Каббин подмигнул ему.
— Я выказал достаточно сострадания, Пит?
— Сколько надо, а может, и чуть больше.
Вдохновленный не столько неудачей Сэмми Хэнкса, как собственным благородством, Каббин повернулся к Фреду Муру.
— Давай-ка найдем сортир, Фред.
— Конечно, Дон.
В туалете Каббин сначала убедился, что в кабинках никого нет, а потом взял из рук Фреда полпинтовую бутылку. Глотнул бербона, закрыл глаза, вздохнул.
— Вы выглядели потрясающе, Дон. Потрясающе.
Каббин открыл глаза, посмотрел на Мура.
— Фред…
— Да?
— Я хочу попросить тебя об одной услуге.
— Конечно, Дон. О чем же?
— Перестань трахать мою жену.
В день выборов, семнадцатого октября, во вторник, два копа заявились в дом Марвина Хармса в семь утра. Лейтенант Клайд Бауэр, лысый и толстый, и его напарник, тридцативосьмилетний рыжеволосый сержант Теодор Ростковски, которого все звали Кирпич, из бюро детективов чикагской полиции.
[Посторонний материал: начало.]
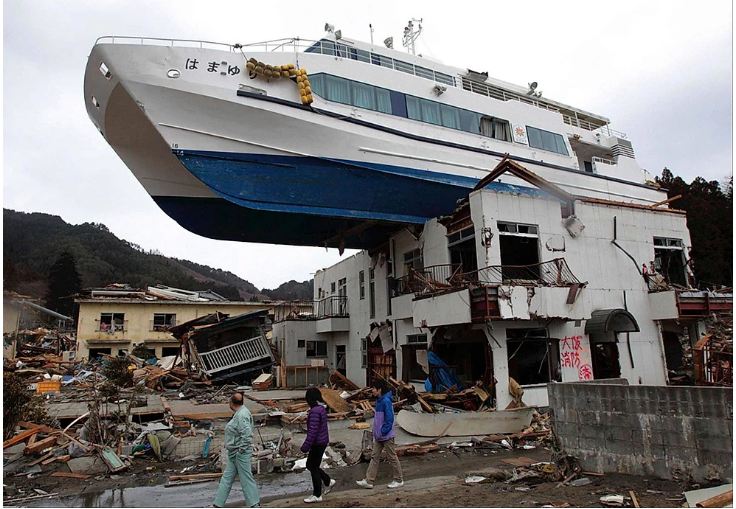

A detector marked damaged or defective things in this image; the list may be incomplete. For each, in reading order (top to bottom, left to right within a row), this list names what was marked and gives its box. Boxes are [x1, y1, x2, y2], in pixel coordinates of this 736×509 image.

Лейтенант Бауэр первым делом сообщил Марвину Хармсу, что он арестован, затем зачитал ему его права и показал два ордера, один на арест, второй — на обыск.
— И что же намереваетесь найти? — полюбопытствовал Хармс.
Бауэр пожал плечами.
— Немного «травки», может, даже героин.
— Так ищите.
— Уже нашли, — улыбнулся Бауэр. — Боюсь, вам придется проехать с нами в участок, мистер Хармс.
— Кто меня подставил?
Бауэр устало улыбнулся. В такую ситуацию он попадал далеко не впервые.
— Одевайтесь, мистер Хармс.
— Могу я позвонить?
Бауэр взглянул на Ростковски. Тот пожал плечами.
— Звоните.
Хармс повернулся к жене, дрожащей в одном халатике и отнюдь не от холода.
— Не волнуйся. Поднимись к детям. Я все улажу.
Она поднялась на второй этаж, а Хармс набрал номер. Не адвоката, так так понимал, что адвокаты тут не помогут. Он звонил Индиго Буну.
Когда заспанный Бун наконец-то взял трубку, Хармс сразу ввел его в курс дела.
— Это Хармс. Ко мне заявились двое копов, чтобы арестовать за хранение наркотиков. Сегодня-то мне никак нельзя в тюрьму.
— Да, сегодня все и должно быть.
— В том-то и дело.
— А без тебя ничего не получится.
— Знаю. Потому и звоню.
— Я рад, что ты позвонил мне. Адвокаты тебе сегодня не помогут.
— Думаете, вы сможете что-нибудь сделать?
— Уже делаю, — и Индиго Бун положил трубку.
Хармс поднялся наверх, оделся, велел жене позвонить адвокату, а всем остальным говорить, что она не знает, где он. Шагая между двух детективов к черному «форду», он повернулся к Бауэру.